Data items:
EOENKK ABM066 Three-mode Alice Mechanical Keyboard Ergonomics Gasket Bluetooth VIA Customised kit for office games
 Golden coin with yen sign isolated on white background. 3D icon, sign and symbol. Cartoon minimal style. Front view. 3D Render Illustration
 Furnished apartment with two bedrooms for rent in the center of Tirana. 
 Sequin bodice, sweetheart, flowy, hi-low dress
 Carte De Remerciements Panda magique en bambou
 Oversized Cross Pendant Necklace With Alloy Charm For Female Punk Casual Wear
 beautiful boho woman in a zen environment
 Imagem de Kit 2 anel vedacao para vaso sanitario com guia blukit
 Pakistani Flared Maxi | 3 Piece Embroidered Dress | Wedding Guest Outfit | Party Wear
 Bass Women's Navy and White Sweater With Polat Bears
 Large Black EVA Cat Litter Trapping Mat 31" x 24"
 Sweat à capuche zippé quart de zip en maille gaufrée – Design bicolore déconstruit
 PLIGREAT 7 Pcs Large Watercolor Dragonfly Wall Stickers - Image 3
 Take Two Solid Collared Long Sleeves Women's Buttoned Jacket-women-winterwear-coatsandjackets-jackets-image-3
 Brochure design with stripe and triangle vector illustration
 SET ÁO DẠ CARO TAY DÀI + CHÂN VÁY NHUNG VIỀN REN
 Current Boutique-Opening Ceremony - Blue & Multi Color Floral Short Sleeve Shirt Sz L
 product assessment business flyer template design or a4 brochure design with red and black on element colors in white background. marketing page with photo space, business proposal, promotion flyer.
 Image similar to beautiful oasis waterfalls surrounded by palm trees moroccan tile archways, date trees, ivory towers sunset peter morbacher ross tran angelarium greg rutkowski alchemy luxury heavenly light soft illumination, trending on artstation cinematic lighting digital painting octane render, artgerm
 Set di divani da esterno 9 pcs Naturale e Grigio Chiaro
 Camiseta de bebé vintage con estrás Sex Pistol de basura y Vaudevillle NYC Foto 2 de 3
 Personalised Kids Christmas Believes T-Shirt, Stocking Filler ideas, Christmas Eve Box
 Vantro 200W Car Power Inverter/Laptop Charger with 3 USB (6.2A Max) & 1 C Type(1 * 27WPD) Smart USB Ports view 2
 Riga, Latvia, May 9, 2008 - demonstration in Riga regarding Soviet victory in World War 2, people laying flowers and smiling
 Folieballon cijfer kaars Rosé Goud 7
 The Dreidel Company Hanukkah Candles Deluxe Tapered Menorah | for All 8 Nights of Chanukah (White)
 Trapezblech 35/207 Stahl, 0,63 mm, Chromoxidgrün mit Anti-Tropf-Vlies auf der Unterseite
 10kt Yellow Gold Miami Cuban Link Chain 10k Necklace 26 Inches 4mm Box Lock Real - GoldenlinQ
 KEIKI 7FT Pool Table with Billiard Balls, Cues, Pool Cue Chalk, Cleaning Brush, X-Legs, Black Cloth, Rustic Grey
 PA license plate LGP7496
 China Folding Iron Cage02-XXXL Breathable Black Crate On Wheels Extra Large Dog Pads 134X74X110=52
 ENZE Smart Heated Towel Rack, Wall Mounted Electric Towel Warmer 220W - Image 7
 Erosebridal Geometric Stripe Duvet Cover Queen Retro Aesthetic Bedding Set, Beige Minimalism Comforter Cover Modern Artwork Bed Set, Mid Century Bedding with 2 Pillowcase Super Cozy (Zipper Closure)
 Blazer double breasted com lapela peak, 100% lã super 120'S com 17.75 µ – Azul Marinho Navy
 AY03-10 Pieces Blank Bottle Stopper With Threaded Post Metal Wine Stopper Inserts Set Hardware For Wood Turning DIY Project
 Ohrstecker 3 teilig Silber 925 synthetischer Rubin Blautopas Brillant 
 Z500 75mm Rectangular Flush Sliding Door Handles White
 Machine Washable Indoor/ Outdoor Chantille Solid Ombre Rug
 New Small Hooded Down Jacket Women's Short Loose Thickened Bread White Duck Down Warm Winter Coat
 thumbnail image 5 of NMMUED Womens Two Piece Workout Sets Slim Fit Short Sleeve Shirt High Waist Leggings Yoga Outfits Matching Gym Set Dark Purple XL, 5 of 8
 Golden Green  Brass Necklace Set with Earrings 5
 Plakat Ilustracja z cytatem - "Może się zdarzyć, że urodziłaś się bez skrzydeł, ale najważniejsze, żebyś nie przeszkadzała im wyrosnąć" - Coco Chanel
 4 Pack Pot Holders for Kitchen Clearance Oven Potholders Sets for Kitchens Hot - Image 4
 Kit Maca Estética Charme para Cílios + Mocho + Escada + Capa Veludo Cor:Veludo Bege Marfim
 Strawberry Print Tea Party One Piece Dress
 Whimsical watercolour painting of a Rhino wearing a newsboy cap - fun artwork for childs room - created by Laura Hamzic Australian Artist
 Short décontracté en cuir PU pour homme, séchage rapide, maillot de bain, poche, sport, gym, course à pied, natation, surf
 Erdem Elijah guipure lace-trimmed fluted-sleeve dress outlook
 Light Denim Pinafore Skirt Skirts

Your assignment. Search the entries above for the word "Party" and copy each line where it appears.

Solution to this exercise.
 Pakistani Flared Maxi | 3 Piece Embroidered Dress | Wedding Guest Outfit | Party Wear
 Strawberry Print Tea Party One Piece Dress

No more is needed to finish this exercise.